Task to complete:
Your answer must be a word-for-word copy of the listing below, minus its pictures.

Information provided:
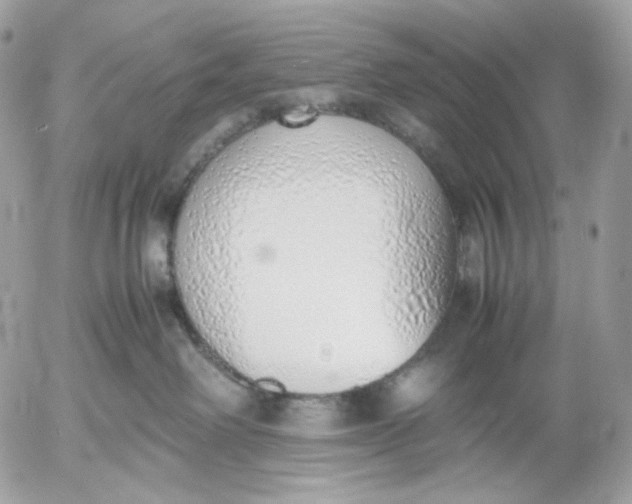 X0000052580238200507221551
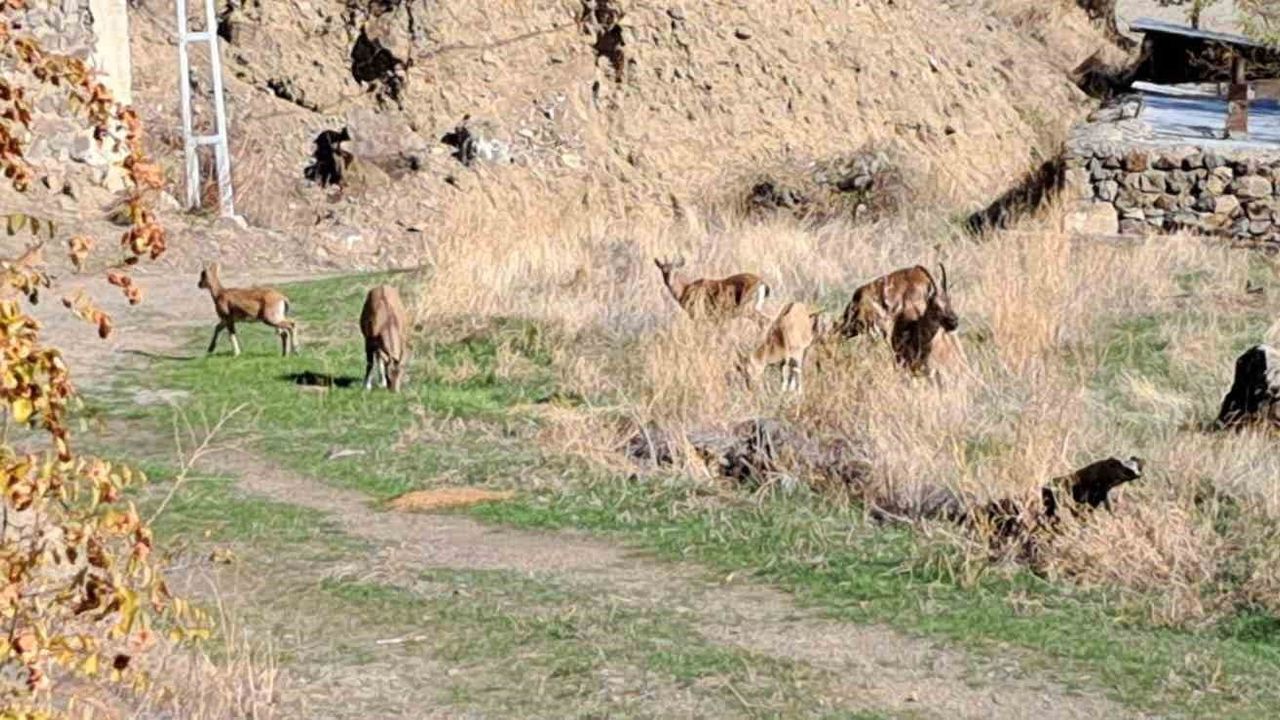 Ormanağzı'nda yaban keçileri köy içinde özgürce otluyor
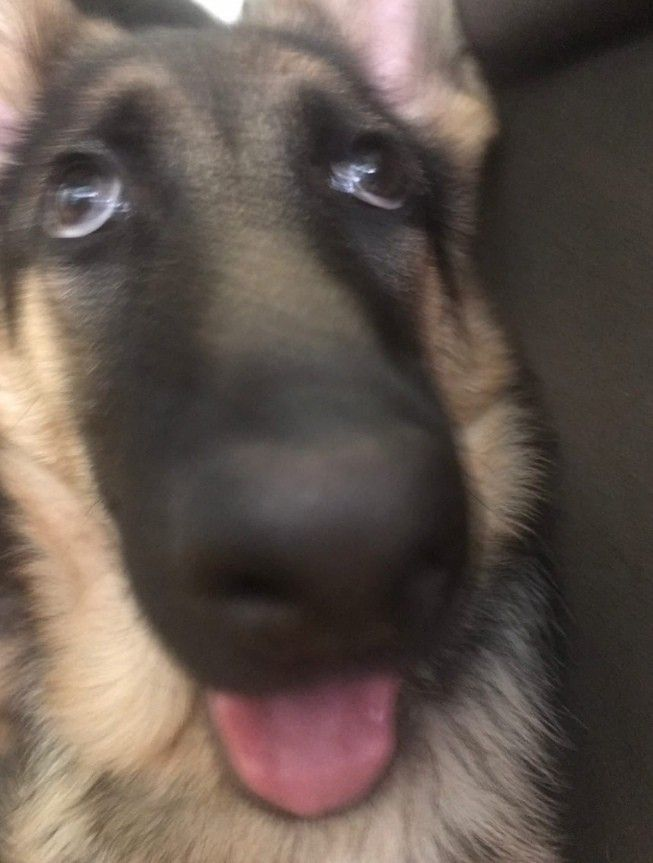 their respective povs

Response below:
 X0000052580238200507221551
 Ormanağzı'nda yaban keçileri köy içinde özgürce otluyor
 their respective povs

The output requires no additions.